Issue 020612.1: Thread-local Storage

Author: Jim Blandy
Champion: Jim Blandy
Date submitted: 2002-06-12
Date revised:
Date closed:
Type: Extension
Status: Accepted with modifications
DWARF Version: 3
I'd like to propose an addition to Dwarf.  Red Hat is putting together
an initial implementation of this as a vendor extension; we'll report
back to this list once it's done, and make this into an official
proposal.

(The function of DW_OP_push_tls_address is similar to that of the
run-time function __get_tls_addr, so it was tempting to name the
operation DW_OP_get_tls_addr.  However, DW_OP_push_tls_address is more
consistent with the names of the other operations, especially
DW_OP_push_object_address.)


To section 2.4.1.3, "Stack Operations", add the following paragraphs
after DW_OP_push_object_address:

12. DW_OP_push_tls_address

The DW_OP_push_tls_address operation pushes the base address of the
current thread's thread-local storage block.  If the expression occurs
in the Dwarf information for a dynamically loaded library, then
DW_OP_push_tls_address pushes the base address of that library's block
for the current thread.  If the library's storage for the current
thread has not yet been allocated, a Dwarf consumer may arrange for it
to be allocated now, or report an error to the user.

<rationale italics>
Some implementations of C and C++ support a “__thread” storage
class, for variables that occupy distinct memory in distinct threads.
For example, the definition:

       __thread int foo;

declares an integer variable named “foo” which has a separate value
and address in each thread, much as a variable declared “auto” has a
separate value and address in each invocation of the function
containing its declaration.  Creating a new thread creates a new
instance of “foo”, and when the thread exits, the storage for
“foo” is freed.

Typically, a program includes an “initialization image” --- a block
of memory containing the initial values for any thread-local variables
it defines.  When the program creates a new thread, the run-time
system allocates a fresh block of memory for those thread-local
variables, and copies the initialization image into it to give the
variables their initialized values.

A dynamically loaded library may also define thread-local variables.
Some implementations delay allocating memory for such variables until
the thread actually refers to them for the first time.  This avoids
the overhead of allocating and initializing the library's thread-local
storage for all the threads present in a program when the library is
loaded, even though only a few threads might actually use the library.

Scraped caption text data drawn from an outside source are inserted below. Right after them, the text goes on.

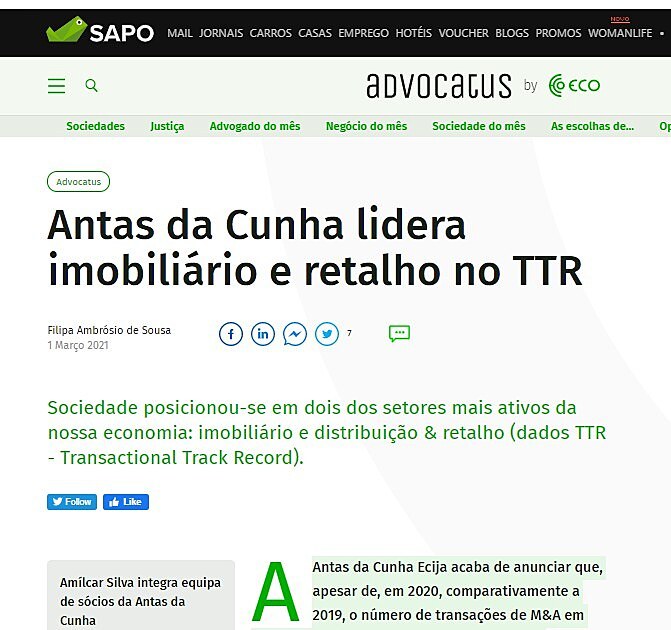 Antas da Cunha lidera imobilirio e retalho no TTR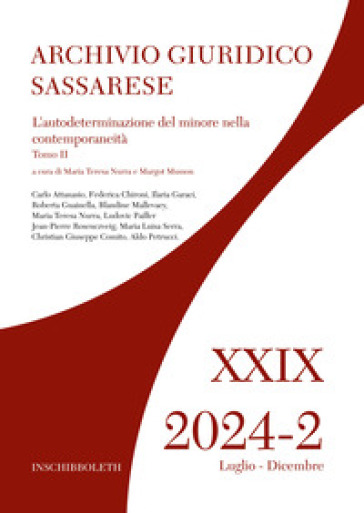 Archivio giuridico sassarese (2024). Vol. 2/2: L' autodeterminazione del minore nella contemporaneità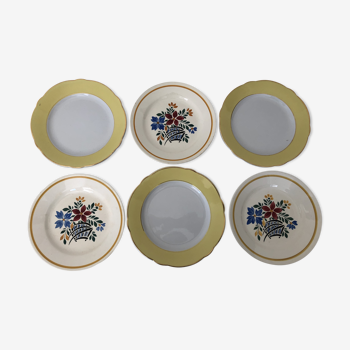 6 assiettes plates vintage faïence Choisy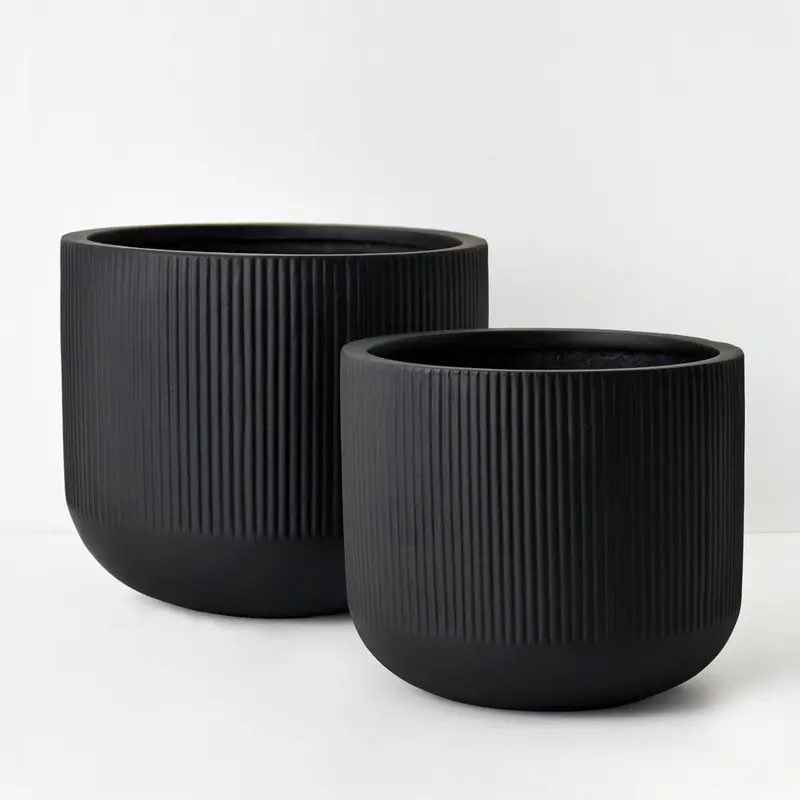 Linear Contemporary Pot Pair – Set Of 2 1
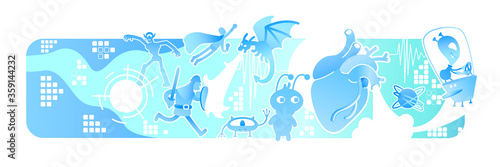 Fantasy video game 2D vector web banner, poster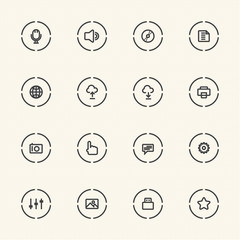 Media Player Icons Set. Line Icon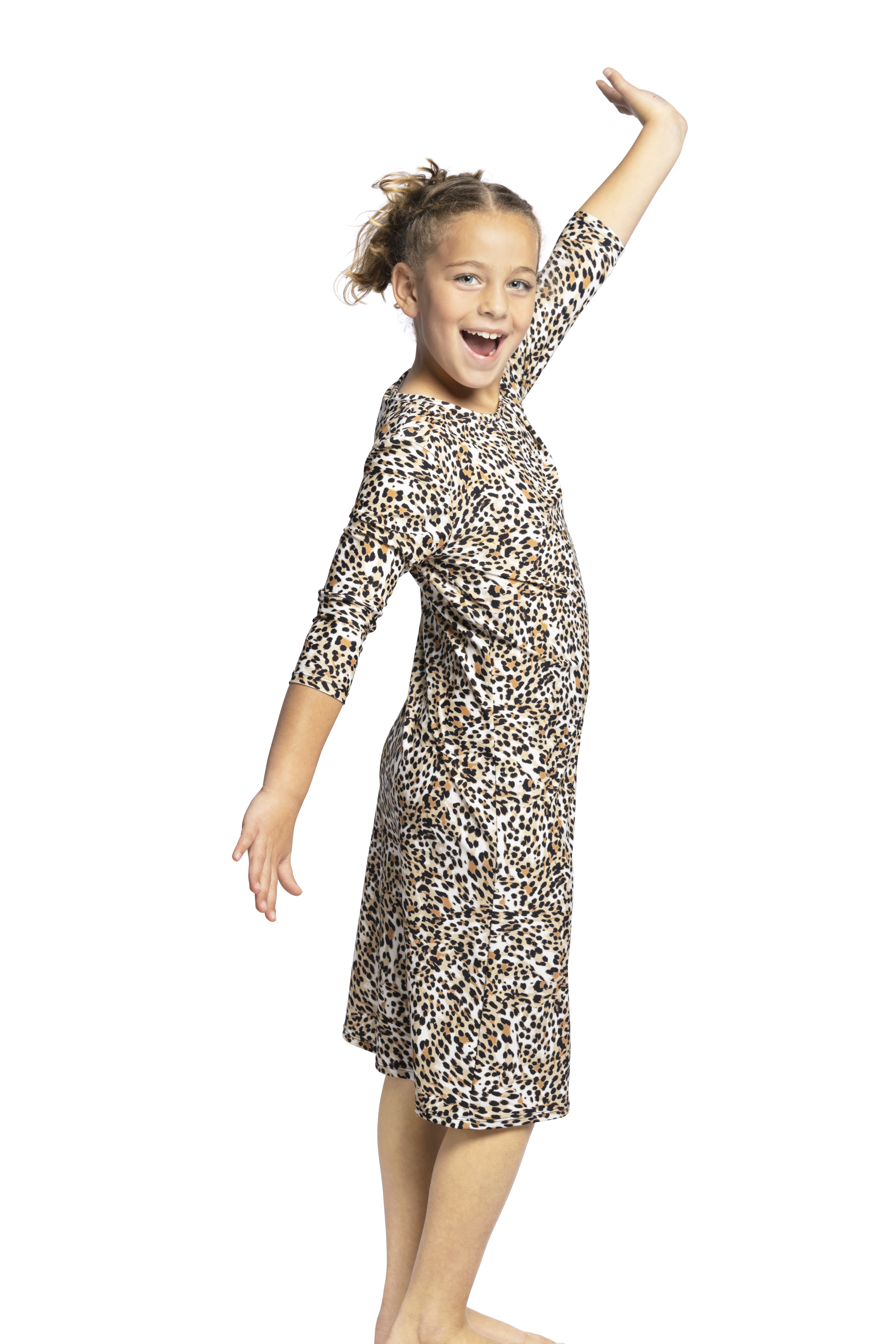 Girls Modest Tznius 3/4 Sleeve UPF 50+ Sun Protection Bathing Suit Swimdress (Animal Print )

However, when an implementation allocates thread-local storage on
demand, this makes it hard to describe the location of a thread-local
variable using ordinary Dwarf expressions: referencing the storage may
entail allocating memory, copying an initialization image into place,
registering it with the thread, and so on.  A dedicated operation like
DW_OP_push_tls_address leaves delegates the request to the debugger,
which is presumably already familiar with the program's ABI and thread
system, and can handle the request appropriately.
</rationale italics>

---------------------
added 05/11/2005:

PROPOSED TEXT:

[To section 2.4.1.3, "Stack Operations", add the following paragraphs
after DW_OP_push_object_address]

12. DW_OP_push_tls_address

The DW_OP_push_tls_address operation pops a value from the stack, and
treats it as an offset into a thread-local storage block.  If the
DWARF expression containing the DW_OP_push_tls_address operation
belongs to the main executable's DWARF info, the main executable's
thread-local storage block is used; if the expression belongs to a
shared library's DWARF info, then that shared library's thread-local
storage block is used.  The operation then pushes the address of the
byte at the given offset in the current thread's instance of the
thread-local storage block.

If the chosen thread-local storage block has not yet been allocated, a
DWARF consumer may arrange for it to be allocated immediately, or
report an error to the user.

<rationale italics>
Some implementations of C and C++ support a “__thread” storage
class.  Variables having this storage class occupy distinct memory
locations in distinct threads.  For example, the C declaration:

       __thread int foo;

defines an integer variable named “foo” which has a separate value
and address in each thread, much as a variable declared “auto” has a
separate value and address in each invocation of the function
containing its declaration.  Creating a new thread creates a new
instance of “foo”, and when the thread exits, the storage for
“foo” is freed.

Typically, a program includes an “initialization image” --- a block
of memory containing the initial values for any thread-local variables
it defines.  When the program creates a new thread, the run-time
system allocates a fresh block of memory for those thread-local
variables, and copies the initialization image into it to give the
variables their initialized values.

A dynamically loaded library may also define thread-local variables.
Some implementations delay allocating memory for such variables for
each thread until the thread actually refers to them for the first
time.  This avoids the overhead of allocating and initializing the
library's thread-local storage for all the threads present in a
program when the library is loaded, in cases where only a few threads
actually use the library.

However, when an implementation allocates thread-local storage on
demand, this makes it hard to describe the location of a thread-local
variable using ordinary Dwarf expressions: referencing the storage may
entail allocating memory, copying an initialization image into place,
registering the memory with the thread, and so on.  A dedicated
operation like DW_OP_push_tls_address leaves delegates the request to
the debugger, which is presumably already familiar with the program's
ABI and thread system, and can handle the request appropriately.
</rationale italics>

[To Figure 22 add the following row after DW_OP_call_ref and before
DW_OP_lo_user]

Operation              Code No of operand Notes
DW_OP_push_tls_address 0x9b 0             [Empty]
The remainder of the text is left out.